One of my students, however, raised her hand to challenge that view. “Jobs never invented anything,” she said. “He stole other people’s ideas.” She went on: “Apple products are cool, but they’re made in those sweatshops where workers frequently commit suicide.” The products are user-friendly but environment-unfriendly, and Jobs was an ill-tempered and manipulative man, she said.
“Yeah, I know, but who cares?” said a Jobs admirer. Few students mourned Jobs because of his moral traits. Though they were aware of his character defects, they spoke about how he changed our lives. He turned our dull-looking computers into hip commodities, our MP3 players into fashion statements, and our cell phones into portable fun machines. In other words, they mourned Jobs to thank him for making us more connected, cooler, and hipper.
The outpouring of feelings for Jobs exemplifies a relatively recent trend: the democratization of public mourning. In any community, the loss of one or more members cuts a deep wound in the collectivity’s body. Survivors need healing rituals to express their sorrow, reaffirm the community’s importance, and strengthen its social ties. But public mourning has shifted from a privilege reserved for leaders and dignitaries, to one that increasingly honors celebrities, public figures of all kinds, and even ordinary individuals.
The outpouring of feelings for Steve Jobs even ordinary individuals. exemplifies a relatively recent trend: the democratization of public mourning.
Contrast the case of Steve Jobs with that of North Korean leader Kim Jong Il, who died several months after Jobs, who received a state funeral.
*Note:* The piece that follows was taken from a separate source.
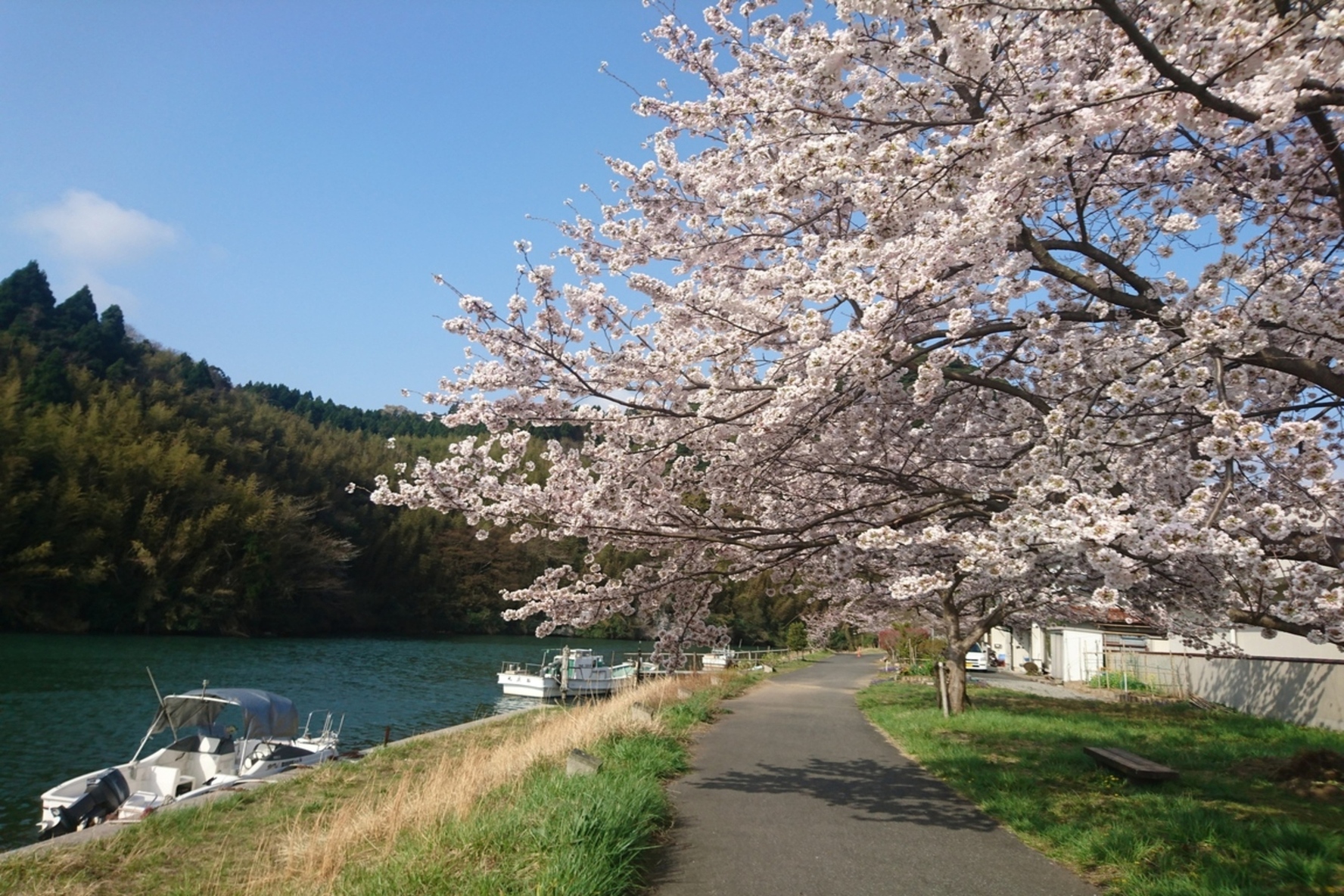 Yabi-gawa Kappa Kōen Park, Okinoshima Town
During the mourning period, the country literally halted operations as people’s attentions were fixed on the dead leader. North Koreans sobbed uncontrollably, punched their chests, and lay prostrate on the ground. During the ten-day mourning period, Koreans expressed sorrow about the loss of the “Dearest Leader.” The country’s ruling elite used the mourning to affirm their support for Kim Jong Il’s 27-year-old son Kim Jong Un, who would succeed him. Mourning rituals were designed to symbolically perpetuate the family’s political dynasty and moral order based on Juche ideology, a North Korean variant of communism.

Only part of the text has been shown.